Am Sonntag vor der Fasnacht erfolgte jeweils die Hauptprobe zur Schnitzelbank. Früh am Nachmittag schlug man den Weg nach Seedorf ein, um im Restaurant Waldheim die Gesangs- und Leseprobe abzuhalten. Auf dem Weg übte schon jeder mit seinem aus der Vereinskasse gestifteten «Chleeväli» und bis man in Seedorf angelangt war, beherrschte jeder wieder sein aus der Schulbubenzeit bekanntes Instrument aus Holz und Blei. Mit Begleitung des Handörgelers lief die Schnitzelbank in kurzer Zeit nach Wunsch. Ein urchiges Zabig und feuriger Italiener sorgten für Ausdauer und Stimmung. Es war bereits Nacht, als es mit Handorgel, «Chleeväli», und Gesang zurück nach Altdorf ging. Im «Schlüssel» und «Löwen» wurde die Probe fortgesetzt. Als man im «Höfli» anlangte, klappte die Schnitzelbank in Wort und Bild famos. Heiri Danioth gab sich jedoch nicht mit einfachen Helgen zufrieden, die lebenden Bilder erforderten das Engagement eines Mechanikers, der zum Anlernen der äusserst komplizierten Mechanik angeblich Tage und Nächte lang das Triebwerk studieren musste. Die Spezial- und sonstigen Einzelproben für Schwerlernende fanden im Atelier des Künstlers statt. Seine Bude wurde für die Fasnachtswoche als Studier- und Rauchzimmer benutzt.
Die Aufführung der Schulbubenclique mit ihren hellklingenden Stimmen fand ein einzig Lob. Vom Mittag bis spät am Abend war man auf den Beinen. Die letzte Vorführung wurde in der «Krone» im vollbesetzten Saale gegeben. Die hellen Kinderstimmen waren inzwischen zum Steinkohlebass gesunken, einzig Heiri Danioths Stimmchen vermochte noch die höhern Noten der Octave herauszubringen. Die Einnahmen des herumgereichten Kässelis ergaben 180 Franken für den Samichlaus.

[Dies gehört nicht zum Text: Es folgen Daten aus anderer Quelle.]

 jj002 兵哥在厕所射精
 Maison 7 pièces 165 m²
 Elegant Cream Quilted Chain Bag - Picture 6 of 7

Schnitzelbank auf dem Rathausplatz
Nach dem Zweiten Weltkrieg bestand die Schnitzelbank der «Nächstenliebe» nur mehr aus dem gesprochenen Spottvers und wurde anschliessend an den Umzug auf dem Rathausplatz vorgetragen. Als Bühne diente ein zum Hauptmotto ausgestatteter Wagen, welcher auch den Umzug absolviert hatte. Anschliessend begann die Schnitzelbank-Tour durch die Altdorfer Beizen, welche bei Beginn der Maskenbälle abgeschlossen war.

Nach dem Tode von Heinrich Danioth wurde die Schnitzelbank von einzelnen oder mehreren «Nächstenliebeanern» gedichtet. Es wurden die gleichen Themen wie in den Narrenblättern abgehandelt. Die Tradition der Schnitzelbänke der «Nächstenliebe» hielt sich mit den Unterbrüchen der beiden Weltkriege und einzelner Ausfälle in früheren Jahren bis in die 1990er-Jahre aufrecht. Ausgang des 20. Jahrhunderts fehlte die närrische Kapazität, um nebst der Herausgabe des Narrenblatts und dem Bau eines Umzugswagens auch noch eine gute Schnitzelbank zu produzieren. Eine Tradition der Altdorfer Fasnacht ging damit zu Ende, und die Schnitzelbank auf dem Rathausplatz wurde klangvoll durch die Platzkonzerte von Guggenmusiken ersetzt.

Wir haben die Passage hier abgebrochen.